Un elemento che sembra contraddistinguere in generale la maggior parte degli interventi è costituito dalla tendenza a connotare positivamente l’ambiguità, a conside­rarla e non solo nell’ambito letterario ed artistico, ma in tutti i settori, anche in quelli delle scienze esatte —  un valore, un arricchimento. Ciò indica fra l’altro che in genere gli interventi non si sono limitati ad una descrizione neutra e avalutativa dell’ambiguità stessa, bensì ne hanno dato, nelle forme e secondo le competen­ze specifiche, pure un giudizio di valore.

La valutazione positiva dell’ambiguità rientra forse nella propensione, radicata nella cultura occidentale contemporanea sì da costituirne un aspetto essenziale —  a scoprire in genere la funzione vitale e necessaria della negazione, dell’assenza, a contestare e a rifiutare ogni ideale troppo preciso di ordine e di compattezza monolitica, ogni positività. In numerose relazioni l’am­biguità appare infatti una caratteristica fondamentale della vita e dell’esperienza, non già da rifiutare o da correggere, bensì piuttosto da difendere da ogni livella­mento e da ogni omogeneizzazione, da ogni imperioso ideale “forte” e da ogni immagine univocamente positiva dell’uomo.

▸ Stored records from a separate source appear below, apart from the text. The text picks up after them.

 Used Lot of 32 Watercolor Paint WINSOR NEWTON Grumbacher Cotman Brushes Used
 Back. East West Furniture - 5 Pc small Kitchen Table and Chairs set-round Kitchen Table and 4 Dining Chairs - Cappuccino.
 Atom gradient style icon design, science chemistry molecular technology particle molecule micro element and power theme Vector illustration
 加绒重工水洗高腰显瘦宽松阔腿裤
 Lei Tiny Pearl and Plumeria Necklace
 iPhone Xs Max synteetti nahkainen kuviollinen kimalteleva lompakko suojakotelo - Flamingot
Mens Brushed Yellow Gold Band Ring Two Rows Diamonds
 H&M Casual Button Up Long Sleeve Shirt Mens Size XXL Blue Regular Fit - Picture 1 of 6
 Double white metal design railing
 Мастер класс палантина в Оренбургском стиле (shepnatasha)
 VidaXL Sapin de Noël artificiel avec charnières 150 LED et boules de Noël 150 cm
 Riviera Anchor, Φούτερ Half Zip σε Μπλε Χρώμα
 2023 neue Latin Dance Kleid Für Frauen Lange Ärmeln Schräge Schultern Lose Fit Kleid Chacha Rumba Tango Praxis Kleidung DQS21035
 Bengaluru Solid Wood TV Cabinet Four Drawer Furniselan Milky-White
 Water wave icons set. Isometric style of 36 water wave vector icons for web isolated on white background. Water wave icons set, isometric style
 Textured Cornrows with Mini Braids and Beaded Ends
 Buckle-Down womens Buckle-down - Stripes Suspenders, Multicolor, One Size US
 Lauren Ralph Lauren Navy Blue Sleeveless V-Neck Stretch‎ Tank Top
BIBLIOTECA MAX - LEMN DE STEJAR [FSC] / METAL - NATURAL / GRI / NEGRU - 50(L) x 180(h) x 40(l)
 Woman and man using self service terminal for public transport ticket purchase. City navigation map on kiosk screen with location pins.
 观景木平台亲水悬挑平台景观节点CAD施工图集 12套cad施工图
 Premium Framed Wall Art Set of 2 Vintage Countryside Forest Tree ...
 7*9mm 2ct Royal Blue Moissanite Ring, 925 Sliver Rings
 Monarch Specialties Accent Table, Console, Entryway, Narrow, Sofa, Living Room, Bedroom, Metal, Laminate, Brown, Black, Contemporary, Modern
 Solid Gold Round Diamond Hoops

Essenziale, per l’ambiguità, è risultata, nella maggior parte delle relazioni, l’intersezione di piani diversi. Essa è apparsa talvolta quale compresenza di elementi sem­plicemente eterogenei, talvolta anzi più spesso o più significativamente quale compresenza di elementi contraddittori, che instaurano un autodiscordia (p.es. la coesistenza, nello stesso individuo, di bontà o cattiveria, o di amore e odio per la stessa persona). Un altro accento è stato posto sulla polisemia, sull’alone di significati, secondo una prospettiva avversa sì ad ogni trionfalismo della comunicazione e rivolta ad accentuare la raggerà estremamente vasta dell’interpretazione, ma sempre cir­coscrivendola rigorosamente entro i suoi limiti, ampi ma definiti, nel rifiuto di ogni vaghezza indeterminata e di ogni ambiguità ermeneutica.

Altro elemento ricorrente in queste giornate è stata la domanda se l’ambiguità sussista nella teoria oppure si trovi in natura oppure, ancora, se esista e possa esistere soltanto nella persona, nella contraddittoria complessità dell’esistenza individuale; è specialmente a questo inter­rogativo che mi sembra sia legata la rivalutazione del­l’ambiguità quale vitale e creativa non-identità dell’in­dividuo con se stesso e quale allentamento, anch’esso creativo e liberatorio, di ogni struttura troppo rigida della personalità. Tendenza e valutazione che implicano l’idea secondo la quale il contrasto e le contraddizioni della vita andrebbero non già superati, ossia tolti ed eli­minati, bensì composti in una coesistenza armoniosa.